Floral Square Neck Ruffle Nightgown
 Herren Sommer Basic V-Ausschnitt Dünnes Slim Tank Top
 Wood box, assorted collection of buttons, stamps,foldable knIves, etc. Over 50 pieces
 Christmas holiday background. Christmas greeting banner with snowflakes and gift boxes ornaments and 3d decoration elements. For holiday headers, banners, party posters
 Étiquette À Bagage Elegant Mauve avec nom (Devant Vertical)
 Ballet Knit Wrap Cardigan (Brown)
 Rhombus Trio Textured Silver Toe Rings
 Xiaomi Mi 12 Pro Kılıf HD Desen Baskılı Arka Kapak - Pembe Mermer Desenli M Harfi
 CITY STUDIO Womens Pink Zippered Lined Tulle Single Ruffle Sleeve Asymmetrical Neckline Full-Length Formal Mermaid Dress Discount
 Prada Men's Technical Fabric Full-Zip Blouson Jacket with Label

Work item - For the listing above, print only the lines starting at the line containing "Wood box, assorted" and ending at the line containing "CITY STUDIO Womens", exactly, both included.

Answer to this exercise -
 Wood box, assorted collection of buttons, stamps,foldable knIves, etc. Over 50 pieces
 Christmas holiday background. Christmas greeting banner with snowflakes and gift boxes ornaments and 3d decoration elements. For holiday headers, banners, party posters
 Étiquette À Bagage Elegant Mauve avec nom (Devant Vertical)
 Ballet Knit Wrap Cardigan (Brown)
 Rhombus Trio Textured Silver Toe Rings
 Xiaomi Mi 12 Pro Kılıf HD Desen Baskılı Arka Kapak - Pembe Mermer Desenli M Harfi
 CITY STUDIO Womens Pink Zippered Lined Tulle Single Ruffle Sleeve Asymmetrical Neckline Full-Length Formal Mermaid Dress Discount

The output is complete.